I have been hearing rumblings from clients about the quality of MBA graduates these days due to big quality gaps between of b-schools. Most MBA graduates are undoubtedly smart but often unprepared and unequipped to handle the most crucial of managerial responsibilities: quickly solving problems with less than perfect information. In my b-schools days, people often complained about the lack of information when reading a case study and believing that having complete information will help them make the right decisions. Let’s face it, there’s no perfect information in the world and everyday we are making decisions based on limited information. More often today we are dealing with too much information and a sea of useless or meaningless data. We need to make sense of all this ourselves. Business is about managing uncertainty; strategy is about winning in an uncertain world.
What about MFAs? Well my observation is designers are sometimes over reliance on getting perfect information about users. They develop dozen of persona and hopefully it will give them more rigor. It won’t. Design teams sometime spend a disproportional amount of time on developing personas and not spending enough time on dreaming and crafting the solutions. Design is about managing uncertainty too, the beauty of personas is that they can help designers to create and communicate information about users to the larger development teams.

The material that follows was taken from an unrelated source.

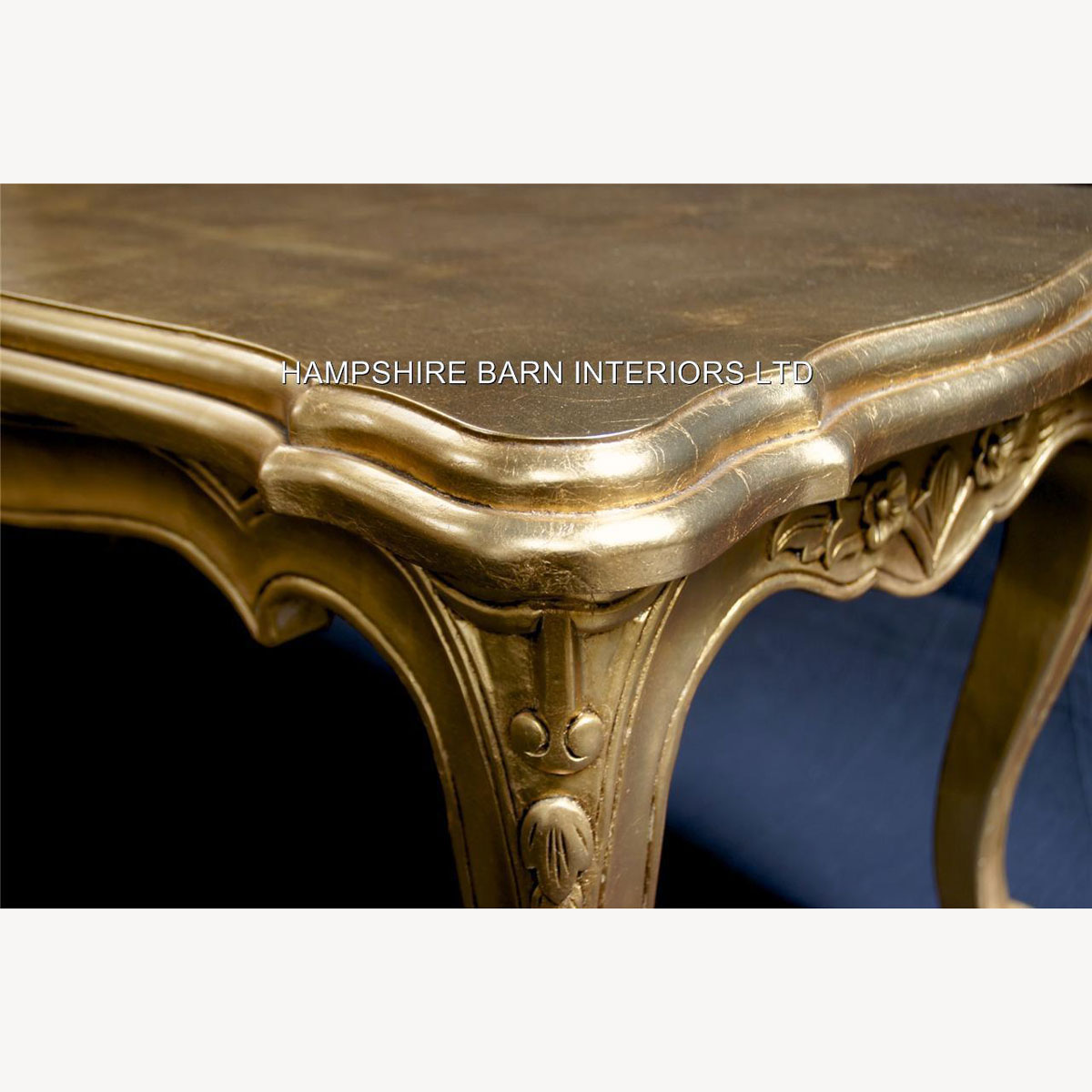 A Gold Leaf Ornate Chateau Style Side Lamp Table 3 - Hampshire Barn Interiors - A Gold Leaf Ornate Chateau Style Side / Lamp Table -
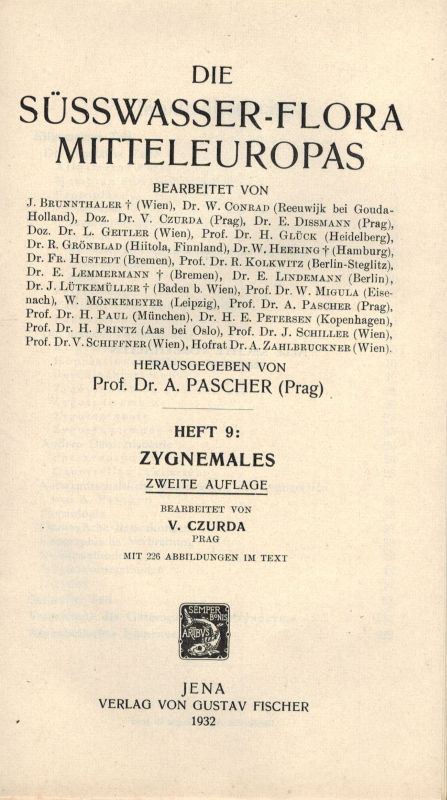 Pascher,A. und V.Czurda (Hsg.)  Die Süsswasser-Flora Mitteleuropas Heft 9  Zygnemales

The approach is to gather information about users’ needs, behaviors, and preferences, and uses those data to construct vivid descriptions about explicitly fictional individuals. The three advantages compared to traditional user research are: 1/ the ability easily to engage teams to think about users; 2/ the possibility for designers to extrapolate from the personas to make design decisions; and 3/ freedom from problems that arise when a full spectrum of user data is presented, such as paralysis or inappropriate generalization which happens all the time. Of course the big question is whether the chosen personas are accurate and reflective of user needs.
But the whole “personas” approach suffers some practical limitations. Two significant issues involve how personas are reconciled with other information, and actually who is responsible for interpreting them. It is not not uncommon that fictional personas would frequently conflict with other sources of data usually quantitative research. Design teams receive information about users from many sources: self-observation, spouses, friends, technology media, and so forth. They form impressions about customers and those naturally show variance from the precise data presented by personas. Even with good personas, there’s still plenty of unknown.
Whether MBAs and MFAs, their commonality is that their jobs require them to make important business or design decisions with incomplete information. There's only so much tools can help.